Description

Asleep At My Post

Many years ago a young missionary was laboring in Lancaster, Pennsylvania, though not laboring as diligently as he and his companion knew he ought. He desired a testimony but was doing little to achieve it. Instead, he had devoted much of his time to writing, having discovered that he had a gift for words. Then one night he experienced a dream, if dream it may be called, in which he was taken back in time to an April night in ancient Jerusalem. I quote as he related it. 

“I was in the Garden of Gethsemane, a witness of the Savior’s agony. I saw Him as plainly as I see this congregation. I stood behind a tree in the foreground, where I could see without being seen. Jesus, with Peter, James, and John, came through a little wicket gate at my right. Leaving the three Apostles there, after telling them to kneel and pray, He passed over to the other side, where He also knelt and prayed. It was the same prayer with which we are all familiar: “O my Father, if it be possible, let this cup pass from me: nevertheless not as I will, but as thou wilt.” 

“As He prayed the tears streamed down His face, which was toward me. I was so moved at the sight that I wept also, out of pure sympathy with His great sorrow. My whole heart went out to Him. I loved Him with all my soul and longed to be with Him as I longed for nothing else.

“Presently He arose and walked to where the Apostles were kneeling—fast asleep! He shook them gently, awoke them, and in a tone of tender reproach, untinctured by the least suggestion of anger or scolding, asked them if they could not watch with Him one hour. There He was, with the weight of the world’s sin upon His shoulders, with the pangs of every man, woman, and child shooting through His sensitive soul—and they could not watch with Him one poor hour!

“Returning to His place, He prayed again and then went back and found them again sleeping. Again He awoke them, admonished them, and returned and prayed as before. Three times this happened, until I was perfectly familiar with His appearance—face, form, and movements. He was of noble stature and of majestic mien—not at all the weak, effeminate being that some painters have portrayed—a very God among men, yet as meek and lowly as a little child.

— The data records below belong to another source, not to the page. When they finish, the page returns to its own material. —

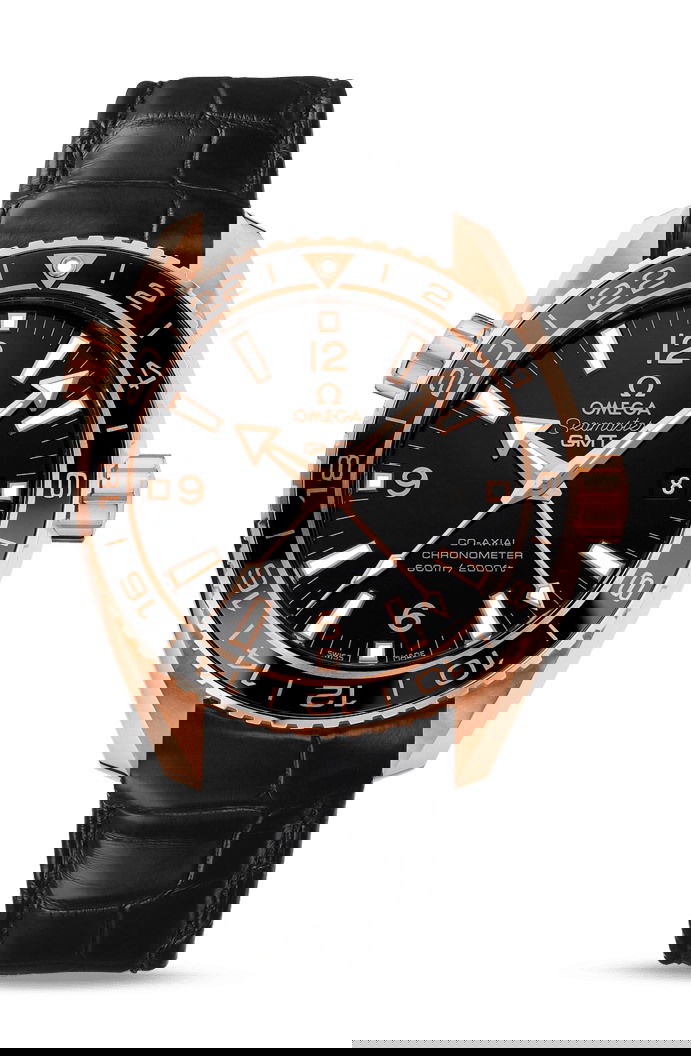 Omega Seamaster luxury timepiece - detailed view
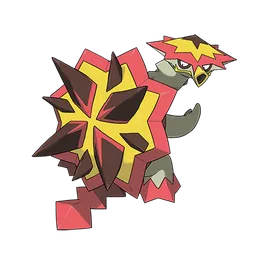 Turtonator, official artwork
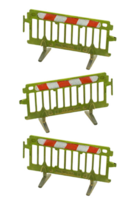 plastic barrier - Image 1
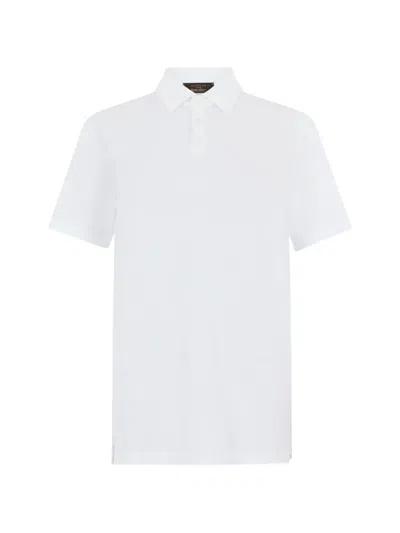 Slowear Button Polo Shirt In White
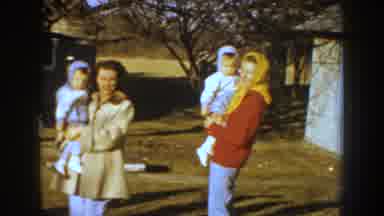 Nebraska (1959): Twins Babies Families Women Outdoor Traveling Picture Farmhouse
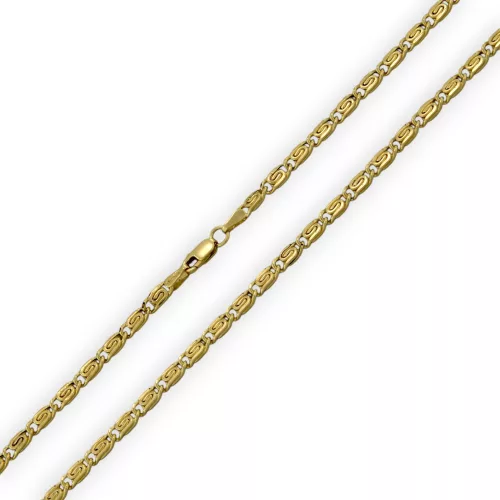14k arany nyaklánc, S-Pancer, 55 cm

“All at once the circumstance seemed to change, the scene remaining just the same. Instead of before, it was after the Crucifixion, and the Savior, with those three Apostles, now stood together in a group at my left. They were about to depart and ascend into heaven. I could endure it no longer. I ran out from behind the tree, fell at His feet, clasped Him around the knees, and begged Him to take me with Him.

“I shall never forget the kind and gentle manner in which He stooped and raised me up and embraced me. It was so vivid, so real, that I felt the very warmth of His bosom against which I rested. Then He said: “No, my son; these have finished their work, and they may go with me, but you must stay and finish yours.” Still I clung to Him. Gazing up into His face—for He was taller than I—I besought Him most earnestly: “Well, promise me that I will come to You at the last.” He smiled sweetly and tenderly and replied: “That will depend entirely upon yourself.” I awoke with a sob in my throat, and it was morning.

“I saw the moral clearly…. I knew that those sleeping Apostles meant me. I was asleep at my post.”

That young missionary went on to become Utah’s poet Laureate and Elder Orson F. Whitney of the Council of the Twelve Apostles. 

As we sit in Sacrament meeting this coming Sabbath can’t you just hear the voice of the Master to you, “Can you watch with me one hour—as a witness?” When He comes again, I want to go with Him as do you, and that depends entirely on whether we are doing as we should or asleep at our post.